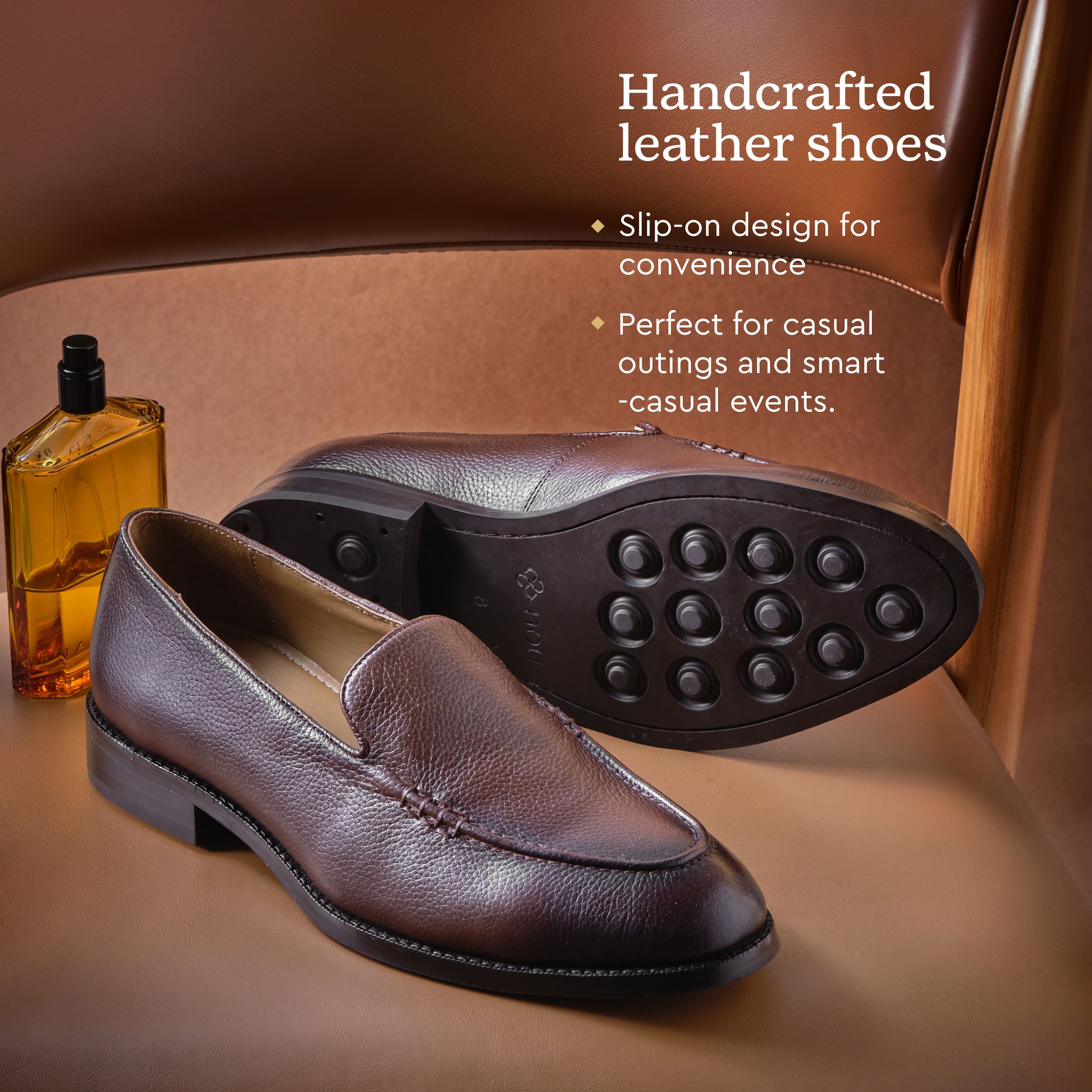Brown Signature Slip Ons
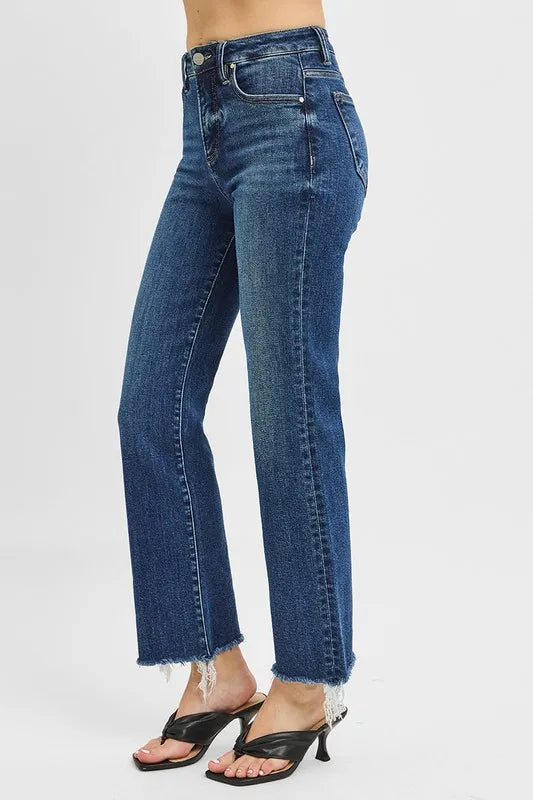Hazel Blues® | RISEN Tummy Control High Rise Crop Straight Raw Cut Hem Jeans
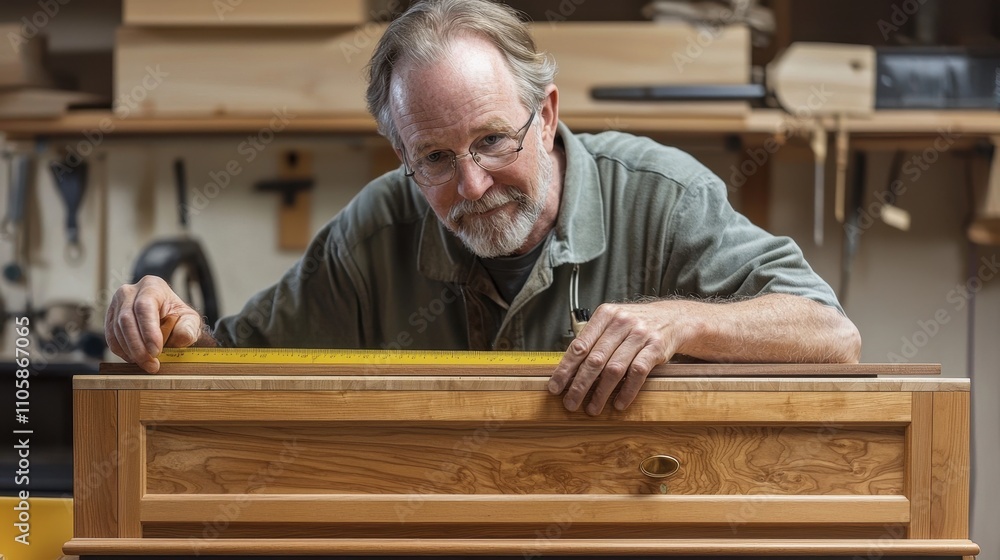 Skilled Woodworker Measuring Cabinet with Precision in Workshop Setting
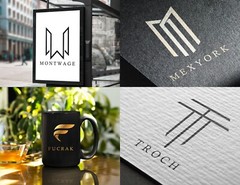 Modern minimalist signature monogram professional logo design and business card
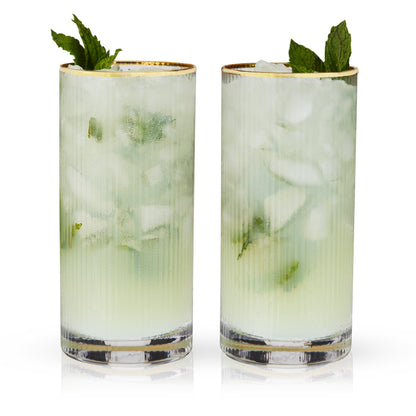 Gold Trimmed Crystal Highball Glasses Set of 2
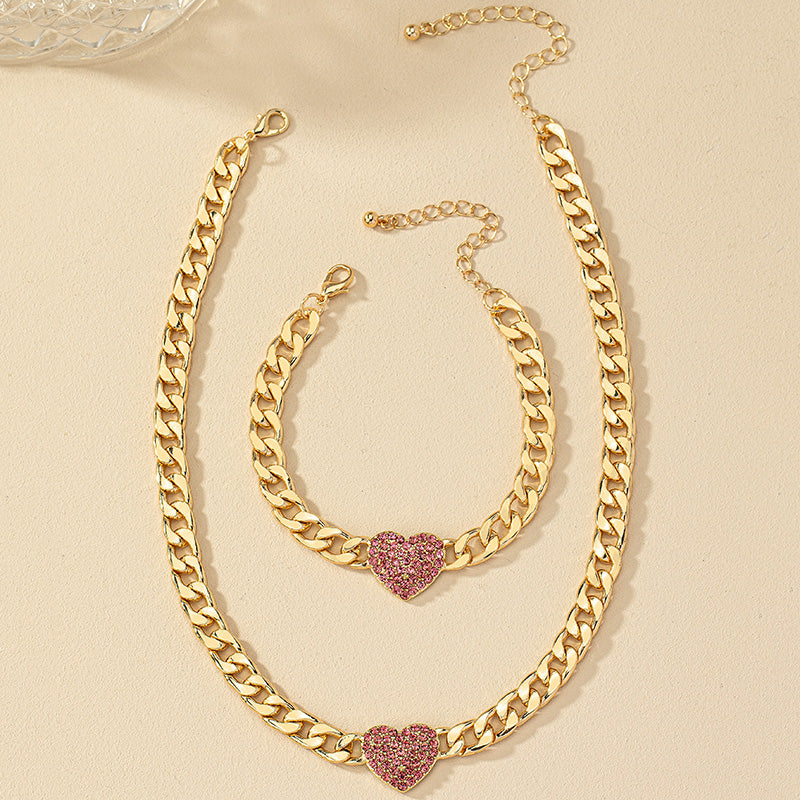 Retro Luxurious Commute Heart Shape Alloy Inlay Rhinestones Women's Jewelry Set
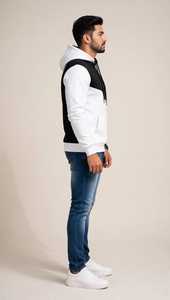 Men's Black <b>White</b> Color Block Hoodie Casual Pullover <b>Sweatshirt</b> With Front Pocket - Product Image 5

※ ※ ※

Copy out every line of the material above exactly, skipping the pictures.

Brown Signature Slip Ons
Hazel Blues® | RISEN Tummy Control High Rise Crop Straight Raw Cut Hem Jeans
 Skilled Woodworker Measuring Cabinet with Precision in Workshop Setting
 Modern minimalist signature monogram professional logo design and business card
 Gold Trimmed Crystal Highball Glasses Set of 2
 Retro Luxurious Commute Heart Shape Alloy Inlay Rhinestones Women's Jewelry Set
 Men's Black <b>White</b> Color Block Hoodie Casual Pullover <b>Sweatshirt</b> With Front Pocket - Product Image 5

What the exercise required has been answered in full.